Manifest partition-spec serialization/deserialization is not interoperable with iceberg-java / iceberg-cpp / pyiceberg

Problem

ManifestWriter in iceberg-rust writes the partition-spec entry of the Avro manifest user metadata as a bare JSON array of fields, and ManifestMetadata::try_from_avro_bytes only accepts that same bare-array shape. Every other Iceberg implementation (iceberg-java, iceberg-cpp, pyiceberg) writes (and requires) the spec-compliant serialized PartitionSpec object: {"spec-id": N, "fields": [...]}.

Consequences:

  • iceberg-rust fails on commit when the table has any snapshot committed by a non-rust writer.
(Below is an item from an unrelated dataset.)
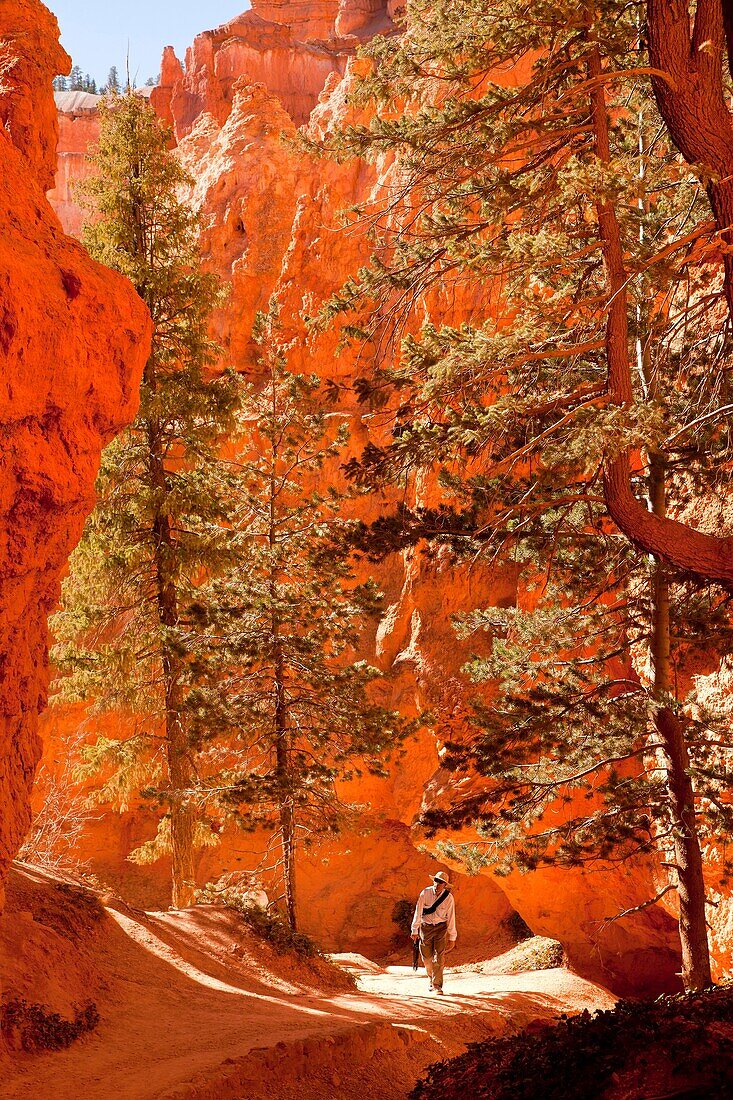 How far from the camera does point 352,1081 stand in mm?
7637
During fast_append, iceberg-rust loads the parent snapshot's manifests for the duplicate-file check (transaction/snapshot.rs), and deserialization blows up with:
    DataInvalid => Fail to parse partition spec in manifest metadata,
    source: invalid type: map, expected a sequence at line 1 column 0
    
  • Other Iceberg engines fail to read iceberg-rust manifests, because they expect the {"spec-id":N,"fields":[...]} object.
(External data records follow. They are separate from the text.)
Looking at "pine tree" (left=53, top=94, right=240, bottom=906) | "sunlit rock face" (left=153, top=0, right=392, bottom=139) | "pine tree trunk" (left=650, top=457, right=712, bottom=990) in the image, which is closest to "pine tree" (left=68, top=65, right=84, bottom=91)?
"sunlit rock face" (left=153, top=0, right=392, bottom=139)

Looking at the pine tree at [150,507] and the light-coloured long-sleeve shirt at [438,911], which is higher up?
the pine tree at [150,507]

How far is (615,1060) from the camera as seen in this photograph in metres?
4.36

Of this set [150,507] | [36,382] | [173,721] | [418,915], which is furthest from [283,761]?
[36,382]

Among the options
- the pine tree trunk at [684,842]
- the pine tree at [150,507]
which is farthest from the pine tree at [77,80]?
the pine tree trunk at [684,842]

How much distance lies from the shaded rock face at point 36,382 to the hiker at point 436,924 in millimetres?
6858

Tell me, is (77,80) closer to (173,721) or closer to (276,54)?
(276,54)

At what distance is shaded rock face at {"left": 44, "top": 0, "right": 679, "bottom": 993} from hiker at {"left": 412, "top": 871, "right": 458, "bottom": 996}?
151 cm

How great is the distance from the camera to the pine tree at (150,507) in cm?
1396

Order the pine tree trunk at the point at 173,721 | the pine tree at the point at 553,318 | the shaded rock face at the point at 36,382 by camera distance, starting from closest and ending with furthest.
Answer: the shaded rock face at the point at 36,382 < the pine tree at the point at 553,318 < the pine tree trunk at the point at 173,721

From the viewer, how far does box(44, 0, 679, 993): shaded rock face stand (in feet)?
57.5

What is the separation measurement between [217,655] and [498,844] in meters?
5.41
Net result: iceberg-rust can't share a table with any other implementation in either direction.

Reproduce

  1. Partition a table with any partition spec (using iceberg-java, iceberg-cpp, or pyiceberg).
  2. Commit at least one snapshot via that non-rust writer.
  3. Attempt a fast_append commit from iceberg-rust on the same table.
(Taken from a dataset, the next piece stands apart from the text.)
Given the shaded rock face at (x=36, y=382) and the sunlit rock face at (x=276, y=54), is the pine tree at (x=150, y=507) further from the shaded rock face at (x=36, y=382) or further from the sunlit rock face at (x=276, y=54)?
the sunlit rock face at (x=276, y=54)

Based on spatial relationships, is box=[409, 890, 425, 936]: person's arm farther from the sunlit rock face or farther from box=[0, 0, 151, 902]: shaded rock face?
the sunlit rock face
Error surfaces from crates/iceberg/src/spec/manifest/metadata.rs:83 via serde_json::from_slice::<Vec<PartitionField>>(bs).

Observed on 0.8.0, 0.9.0, and main (commit 4b0b3525) as of 2026-04-24.

Expected behavior

iceberg-rust should:

  1. Write partition-spec as the spec-compliant object form so other implementations can read our manifests.
  2. Accept both shapes on read — the spec-compliant object AND the historical bare-array form — so existing rust-written manifests continue to deserialize.

Proposed fix

Two small changes in crates/iceberg/src/spec/manifest/:

writer.rs — serialize the full PartitionSpec:

to_vec(&self.metadata.partition_spec).map_err(...)  // was: to_vec(&...partition_spec.fields())

metadata.rs — accept either shape on read, preferring the bare-array path for backwards compatibility:

serde_json::from_slice::<Vec<PartitionField>>(bs)
    .or_else(|_| {
        #[derive(serde::Deserialize)]
        struct PartitionSpecJson { fields: Vec<PartitionField> }
        serde_json::from_slice::<PartitionSpecJson>(bs).map(|s| s.fields)
    })
    .map_err(...)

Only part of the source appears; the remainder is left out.